Die „Sexualassistenz“ von „Sexarbeiterinnen“ für Behinderte ist relativ neu. Sie wurde erst vor einigen Jahren erfunden und als neuer Markt von der Sexbranche erschlossen. Die Argumentation dafür scheint mir besonders scheinheilig: Weil der arme Behinderte weniger oder keine Chance auf sexuelle Kontakte hat, soll er im Rückkehrschluss ein „Recht“ auf Prostituierte haben, möglichst noch bezahlt von der Krankenkasse.

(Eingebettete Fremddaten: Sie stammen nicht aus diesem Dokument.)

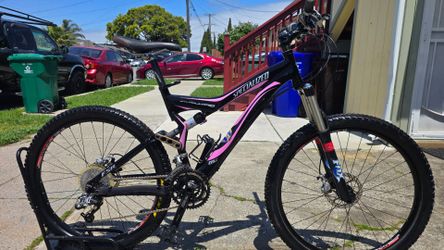 Specialized Stumpjumper Mountain Bike 
Medium Frame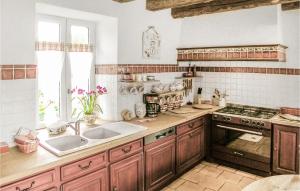 Nice home in Fleurac with 3 Bedrooms, Outdoor swimming pool and Swimming pool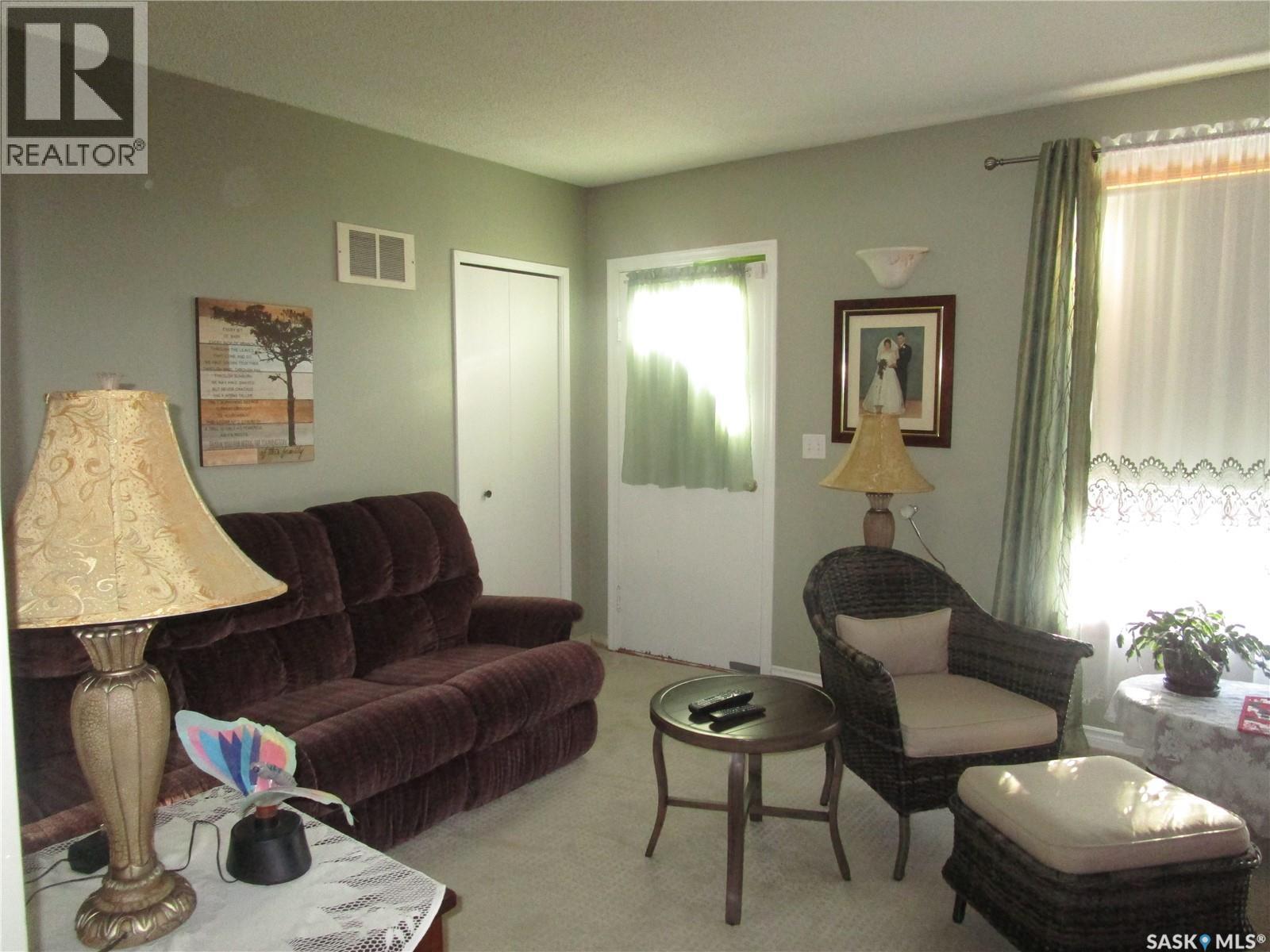 250 1St Avenue W, Bengough, SK - Indoor Photo Showing Living Room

Ich sage DER Behinderte, denn bisher habe ich in der Debatte ausschließlich von behinderten Männern gehört. Bei behinderten Frauen scheint das kein Argument zu sein. Weil Frauen Sex nicht so nötig haben wie Männer? Oder weil es für Frauen keinen Markt gibt, der sich lohnen würde? Erstens, weil es keine oder nur wenige Frauen gäbe, die es überhaupt wagen würden, „Sexualassistenz“ zu beanspruchen; und zweitens, weil es kaum männliche Prostituierte gibt, die diese Dienstleistung erbringen würden?

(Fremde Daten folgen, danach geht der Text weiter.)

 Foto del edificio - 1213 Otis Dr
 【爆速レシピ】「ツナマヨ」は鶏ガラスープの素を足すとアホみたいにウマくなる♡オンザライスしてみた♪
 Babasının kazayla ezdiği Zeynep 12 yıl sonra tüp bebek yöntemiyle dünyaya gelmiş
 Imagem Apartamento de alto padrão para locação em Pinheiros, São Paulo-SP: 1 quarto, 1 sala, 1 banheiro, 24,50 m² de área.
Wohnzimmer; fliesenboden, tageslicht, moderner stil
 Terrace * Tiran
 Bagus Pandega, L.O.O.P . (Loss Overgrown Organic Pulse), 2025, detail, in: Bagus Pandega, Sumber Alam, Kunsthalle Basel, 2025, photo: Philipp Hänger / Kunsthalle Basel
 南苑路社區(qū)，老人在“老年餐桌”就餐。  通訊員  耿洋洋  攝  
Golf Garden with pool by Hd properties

Das Problem behinderter Frauen ist, gerade wenn sie jünger sind, ja auch eher, dass sie oft mehr Sex haben, als ihnen lieb sein kann: die Missbrauchs- und Vergewaltigungsraten bei behinderten Frauen liegen um ein vielfaches höher als bei nicht-behinderten Frauen. Ganz einfach, weil sie sich schlechter wehren können.

Doch bei allem Mitgefühl selbstverständlich auch für einen geistig oder körperlich behinderten männlichen Menschen: Es gibt kein Menschenrecht auf Sexualität! Und es gibt schon gar nicht das Recht, dieses Bedürfnis auf Kosten dritter – eben Frauen in der Prostitution – auszuleben.

Übrigens: Umfragen belegen, dass heute jede zweite Frau über 60 keine Sexualität mehr lebt – oft gegen ihren Willen nicht. Weil sie allein ist. Weil sie in einer Gesellschaft, in der Frauen jung sein müssen, nicht mehr als begehrenswert gilt. Weil sie resigniert hat. Weil… Es gibt sehr viele Gründe. Wer aber spricht von diesen Frauen und einem „Recht“ auf Sexualität wg. Altersdiskriminierung?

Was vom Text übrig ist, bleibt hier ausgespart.